On Thursday, Austin City Council is expected to vote on a contract with community program group UpTogether to administer the funds, with $1.18 million approved for the program in Austin’s fiscal year 2021-22 budget.

The proposed program is aimed at addressing residents facing financial hardships who, as a result, experience housing insecurities. In Austin’s 2023 strategic plan, homelessness and displacement were marked as “top 10 indicators for the success of the city,” according to Monday’s memo.

Possible criteria for eligible guaranteed income pilot participants could include:

  • Households with an eviction filing against them
  • Those with a history of missing utility bill payments
  • People experiencing homeless who’ve already been identified for supportive housing

As part of the proposed pilot, the $1,000 monthly funds would be unrestricted, without a designated use affiliated with them. Similar programs done around the country, including in Stockton, California, found the majority of participating residents used the funds to pay for food, store purchases and utilities.

“Because guaranteed income programs provide unrestricted funds, recipients are able to spend on necessities such as rent, food, transportation, and utilities, making decisions based on their specific needs in order to help them stabilize and remain in place,” Austin’s Chief Equity Officer Brion Oaks said in the memo.
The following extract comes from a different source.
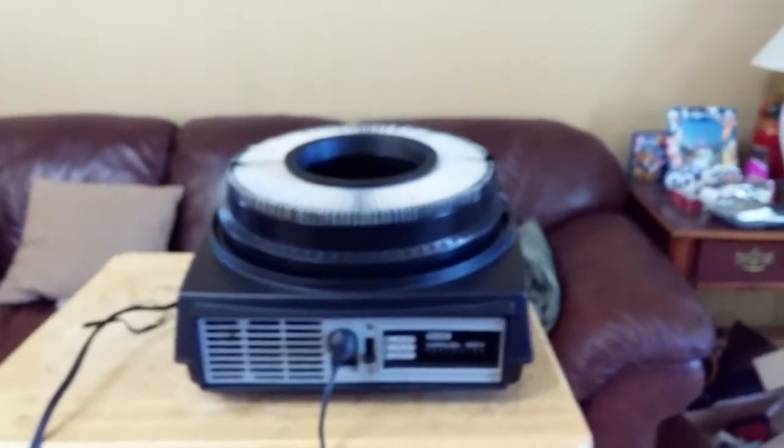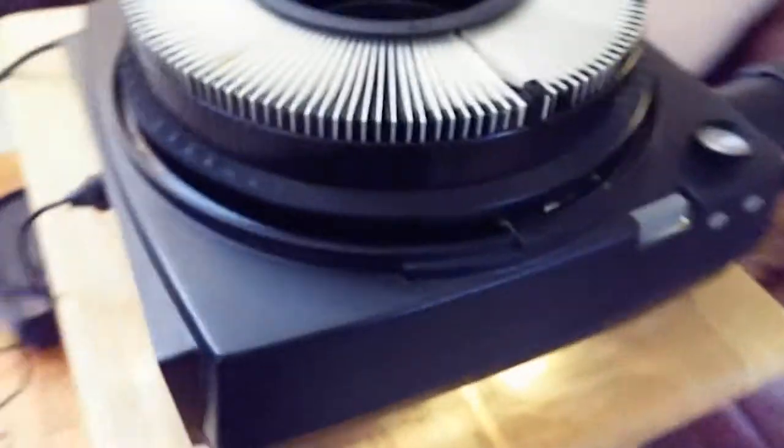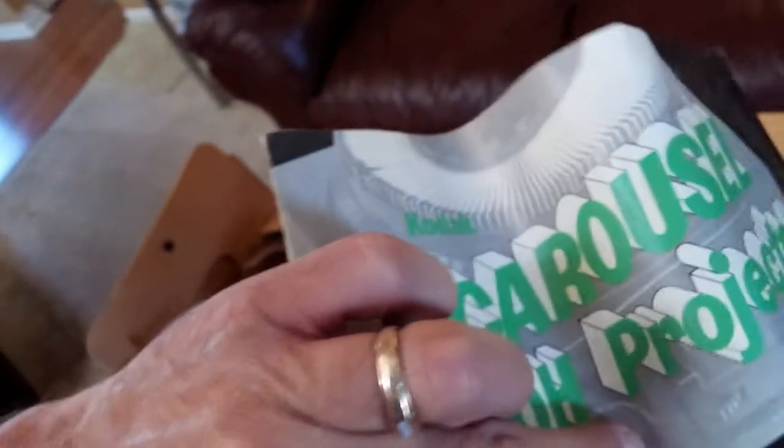I have my Kodak Carousel 650H slide projector — I'm gonna give you a quick demonstration today. It's a nice older unit. I've got some family slides loaded up, I've got the remote control, and I've got the original box — I should say boxes, because there's an inner box too. This was shipped at one time and it's got the original manual to it. Let's give this baby a whirl.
The city has identified The Urban Institute as the evaluator for the proposed pilot, which would include a two-part analysis to gauge the effectiveness of Austin’s guaranteed income program, if approved.

The first component would be a qualitative analysis to determine the effectiveness of the program and potential policy and practice changes, based on interviews with participants and other stakeholders. The second component, a quantitative analysis, would measure participant outcomes against non-participants to help determine the program’s impacts.

These metrics include:

  • Financial stability, such as ability to cover a $400 emergency and pay bills on time
  • Health and wellness based on stress levels, preventative care access and use or food security
  • Employment changes, such as how many jobs a participant holds, income changes or participation in workforce development and education programs
  • Use of funds, to determine how the money is used

“These unrestricted funds do not represent a ‘gift,’ but rather a critical investment in families and individuals to improve their economic stability, mental and physical health, social capital, and prevention of displacement,” Oaks said. “The investment provided by a guaranteed income helps ensure that households facing housing and economic insecurity have the resources and ability to build a foundation from which they can springboard into better-paying jobs, increased savings, and ability to live full lives.”